Should you invest in insulation or solar panels?
The answer is both
Are you designing a new home or renovation, or finished one recently?
Across Australia, there are national requirements to design and build energy-efficient homes. It is referred to as complying with the NatHERS scheme. A home must be at least 6 stars when assessed for its energy efficiency. The star rating goes from 1 star to 10 stars.
A 6-star home isn’t that great, it’s just a minimum requirement.
These regulations exist to ensure houses and apartments are built to efficiently stay within a set temperature range, through summer and winter. There are other requirements too, regarding specific heating and cooling energy use.
Why you need thermal efficiency and solar panels
We have completed several of these projects to assess the sustainability, water, and energy efficiency of homes as part of planning applications.

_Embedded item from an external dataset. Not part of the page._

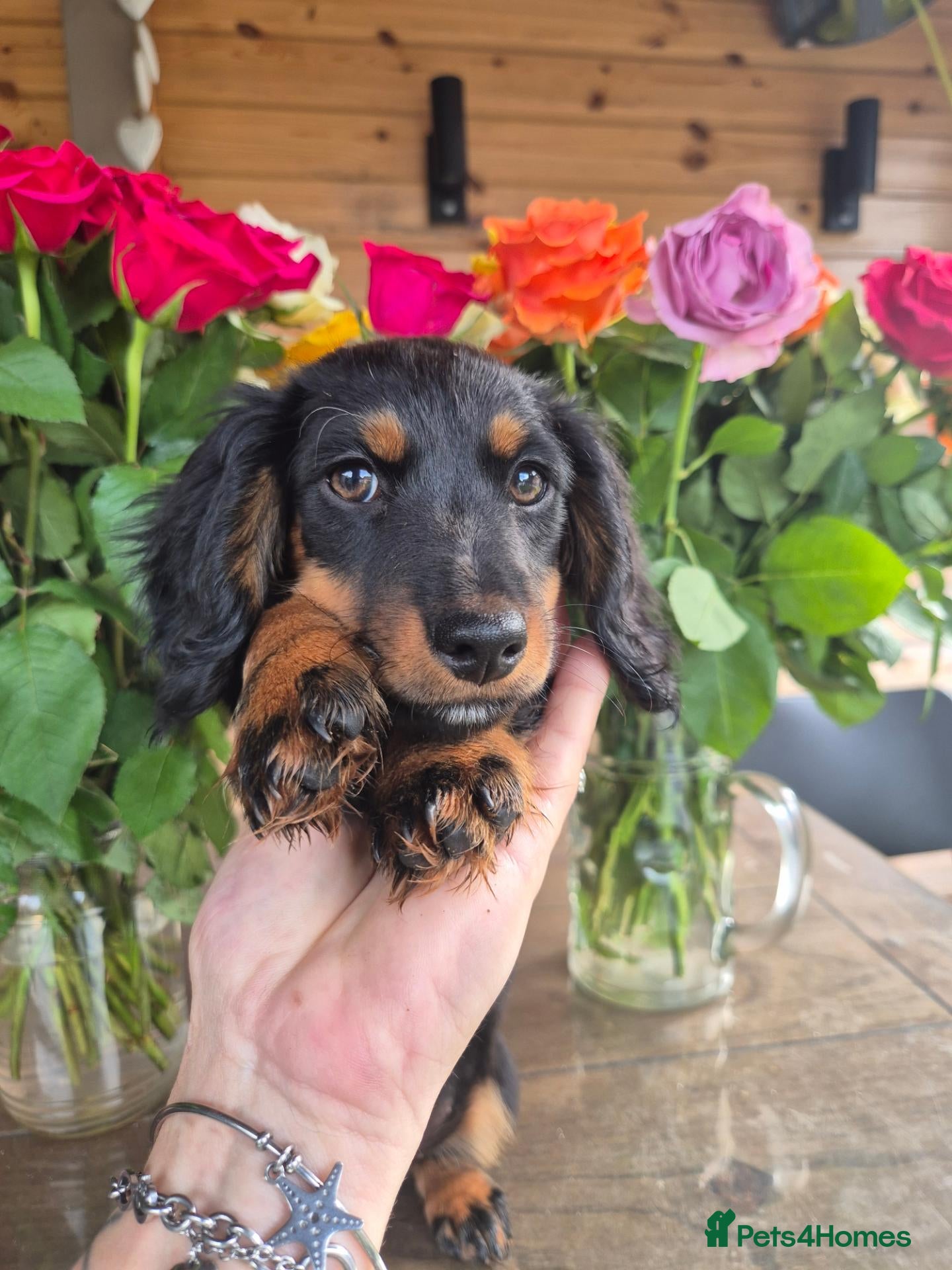 Miniature Dachshund dogs Beautiful Miniature Dachshund Ready to leave!♥️💙 - Advert 13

We find that clients expect that the rating can be achieved by adding solar panels and batteries. But it can’t! One is demand and the other is supply.
Our modeling, shown in Figure 1, shows that it is the combination of both of these initiatives (efficiency and solar panels) that saves energy and reduces the use of the electricity grid.
Reducing energy demand on the grid
A 6-star home in Melbourne can consume 114 MJ / m2 per year (to comply with a 6-star NatHERS load).
But a 6.5 star home, with a 3 kW solar system would use 35% less energy from the grid and only 73 MJ / m2 per year.
More efficiency and more solar on homes would see the total energy demand from the grid drop by 65%. Or more if you aim for a really efficient home.